Lookout Premium: Outstanding anti-theft protection for Android phones

This Android app offers great help with locating, securing, and protecting your phone

Android security suites generally have a lot of tricks up their sleeves, but Lookout Premium has taken it up a notch with anti-theft and recovery features. The program's variety of email alert settings is without peer. That said, the latest results from AV-TEST pegged Lookout as below par in malware detection and perhaps too aggressive in picking out suspect software.

Lookout performs its guard-dogging by sending information to its website and processing it there. While this saves on device memory and end-runs the need for most updates, it does incur minor data usage. The basic functions that the program covers are scanning programs and downloads for malware; scanning websites as you surf for phishing and other dangers; backing up your contacts, call log, and photos; helping you find a lost device and locking or erasing it if it was stolen; snapping "thiefie" photos and sending them to you via email when certain events occur; and showing you which applications have access to your info on the phone.

Personally, I found the missing device features the most useful, or at least useful most often. You can track the device's location accurately enough from Lookout's nicely rendered web portal that I could tell if the device was in the house or in my car parked a block and a half away. From the same page you can lock or erase the device or have it "scream" at you. That latter is actually a rather loud siren, but it doesn't override the phone volume, so if you have that turned down, turn everything in the house off and listen for vibrations.

In case of theft, Lookout can help you bring the nefarious malefactor who took it to justice. By telling Lookout to send you email alerts (with stealthily-snapped photos attached) when your device's SIM card is removed, or it's powered down or put into airplane mode, you could quite possibly wind up with a photo of the not-so-canny culprit.

Hopefully, recovery and hard time will ensue. Note that this feature can also reveal bad hair days on your own part, so you might want to read alert emails in private.

If you've never contemplated just how open the data on your phone is, Lookout's privacy advisor, which shows you all the apps that are accessing it in the name of convenience and value-added service, will be a revelation. There are some apps you can't do anything about, but some may be disabled to prevent access.
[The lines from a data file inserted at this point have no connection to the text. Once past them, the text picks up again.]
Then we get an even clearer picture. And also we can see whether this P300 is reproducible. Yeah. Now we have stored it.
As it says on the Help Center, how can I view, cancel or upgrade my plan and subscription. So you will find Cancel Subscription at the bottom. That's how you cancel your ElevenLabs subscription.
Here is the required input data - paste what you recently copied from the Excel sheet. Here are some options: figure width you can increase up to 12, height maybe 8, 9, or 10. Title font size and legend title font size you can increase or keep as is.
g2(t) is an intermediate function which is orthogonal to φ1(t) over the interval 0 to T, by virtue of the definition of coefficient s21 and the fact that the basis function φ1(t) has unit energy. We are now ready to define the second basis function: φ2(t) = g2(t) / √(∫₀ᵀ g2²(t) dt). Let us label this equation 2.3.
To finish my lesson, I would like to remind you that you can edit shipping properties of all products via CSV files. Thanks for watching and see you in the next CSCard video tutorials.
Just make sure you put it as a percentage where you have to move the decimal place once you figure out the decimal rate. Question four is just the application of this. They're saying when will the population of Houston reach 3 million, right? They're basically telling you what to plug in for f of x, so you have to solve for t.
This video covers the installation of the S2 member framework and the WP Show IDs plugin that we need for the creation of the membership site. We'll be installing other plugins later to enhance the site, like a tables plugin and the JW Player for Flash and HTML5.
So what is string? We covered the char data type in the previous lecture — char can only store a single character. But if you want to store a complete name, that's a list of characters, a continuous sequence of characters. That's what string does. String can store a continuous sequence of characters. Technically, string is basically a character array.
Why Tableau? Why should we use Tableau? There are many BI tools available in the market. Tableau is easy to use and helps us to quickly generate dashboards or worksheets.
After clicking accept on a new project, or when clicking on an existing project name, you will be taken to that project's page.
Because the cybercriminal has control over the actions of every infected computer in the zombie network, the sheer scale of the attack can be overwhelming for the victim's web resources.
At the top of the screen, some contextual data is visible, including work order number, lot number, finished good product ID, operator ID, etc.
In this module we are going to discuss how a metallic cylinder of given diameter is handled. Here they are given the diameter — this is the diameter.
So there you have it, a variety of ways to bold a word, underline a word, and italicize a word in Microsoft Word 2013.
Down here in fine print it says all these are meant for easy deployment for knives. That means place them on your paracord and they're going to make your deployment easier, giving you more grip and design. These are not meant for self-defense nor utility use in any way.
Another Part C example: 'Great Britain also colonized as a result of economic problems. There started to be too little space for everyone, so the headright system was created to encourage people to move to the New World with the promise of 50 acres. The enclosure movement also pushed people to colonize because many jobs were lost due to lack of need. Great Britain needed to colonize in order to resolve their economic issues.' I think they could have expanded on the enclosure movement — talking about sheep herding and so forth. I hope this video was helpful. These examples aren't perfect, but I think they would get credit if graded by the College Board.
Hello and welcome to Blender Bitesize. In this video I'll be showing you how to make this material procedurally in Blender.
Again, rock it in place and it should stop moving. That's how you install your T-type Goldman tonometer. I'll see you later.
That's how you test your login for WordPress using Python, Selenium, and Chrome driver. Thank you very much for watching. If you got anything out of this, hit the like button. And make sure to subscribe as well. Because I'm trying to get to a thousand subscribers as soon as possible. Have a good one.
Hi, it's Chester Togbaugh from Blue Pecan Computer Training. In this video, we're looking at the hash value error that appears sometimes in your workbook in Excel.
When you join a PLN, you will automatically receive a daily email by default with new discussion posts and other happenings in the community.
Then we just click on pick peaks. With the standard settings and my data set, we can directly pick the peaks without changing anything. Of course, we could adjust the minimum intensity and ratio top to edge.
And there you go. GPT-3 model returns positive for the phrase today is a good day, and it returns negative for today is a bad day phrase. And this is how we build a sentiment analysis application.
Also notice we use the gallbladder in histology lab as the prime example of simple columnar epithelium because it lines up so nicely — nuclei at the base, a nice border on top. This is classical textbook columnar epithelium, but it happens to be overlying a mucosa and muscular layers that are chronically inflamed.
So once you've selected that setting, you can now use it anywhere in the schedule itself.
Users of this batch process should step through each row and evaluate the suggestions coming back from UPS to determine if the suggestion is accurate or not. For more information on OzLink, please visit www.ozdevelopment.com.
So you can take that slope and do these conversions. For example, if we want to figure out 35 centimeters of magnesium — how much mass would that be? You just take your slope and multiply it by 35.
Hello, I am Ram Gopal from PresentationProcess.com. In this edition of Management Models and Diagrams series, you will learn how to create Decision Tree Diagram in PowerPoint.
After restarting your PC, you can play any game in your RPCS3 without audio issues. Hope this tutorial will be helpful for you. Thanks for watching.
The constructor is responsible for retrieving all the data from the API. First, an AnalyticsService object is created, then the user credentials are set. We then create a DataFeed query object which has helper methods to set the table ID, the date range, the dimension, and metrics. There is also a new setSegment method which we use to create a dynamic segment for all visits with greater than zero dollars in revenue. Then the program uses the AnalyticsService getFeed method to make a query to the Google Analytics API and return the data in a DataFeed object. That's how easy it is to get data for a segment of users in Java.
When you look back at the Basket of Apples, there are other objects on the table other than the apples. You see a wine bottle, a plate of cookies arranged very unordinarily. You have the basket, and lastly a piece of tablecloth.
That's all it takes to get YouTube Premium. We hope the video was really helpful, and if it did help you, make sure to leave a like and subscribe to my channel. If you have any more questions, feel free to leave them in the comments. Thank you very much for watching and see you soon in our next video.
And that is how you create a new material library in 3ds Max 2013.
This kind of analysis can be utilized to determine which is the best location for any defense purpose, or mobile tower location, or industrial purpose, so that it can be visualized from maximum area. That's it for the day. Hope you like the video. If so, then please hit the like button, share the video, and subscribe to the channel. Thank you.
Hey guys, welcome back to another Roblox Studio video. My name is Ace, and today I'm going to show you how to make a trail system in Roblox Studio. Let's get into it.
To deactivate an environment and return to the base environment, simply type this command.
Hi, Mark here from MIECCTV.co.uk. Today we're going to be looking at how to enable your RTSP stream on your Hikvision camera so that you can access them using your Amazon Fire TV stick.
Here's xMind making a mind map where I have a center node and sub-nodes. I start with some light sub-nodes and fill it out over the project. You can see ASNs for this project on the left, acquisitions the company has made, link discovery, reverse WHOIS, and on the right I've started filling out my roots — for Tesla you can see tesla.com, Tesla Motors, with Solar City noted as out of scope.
Of course most companies promise not to share your private information, but that lasts only till the first NSA agent, or bozo on a mission, shows up.

Alas, Lookout ranked near the bottom of the pack in AV-TEST's latest malware detection test results, detecting only 88.7 percent of the threats and coming up with one false positive during legitimate software installs. The better programs such as the recently reviewed Eset Mobile Security clock 99 to 100 percent recognition without false positives. Lookout related to me that they are on the paranoid side when it comes to software installations, preferring the occasional false positive to letting something bad through. In my hands-on, the web surfing protection worked well, though I am hardly an experienced voyager when it comes to the dark regions of the Web. Ahem.

Okay, there's no way to sugar-coat Lookout's current AV detection rate. The company needs to work on that. Otherwise, it's a great program with a lot of useful security features that costs only $3 a month. There's also a free version that will provide basic download scanning, contact backup, and missing device help. Whoop, whoop!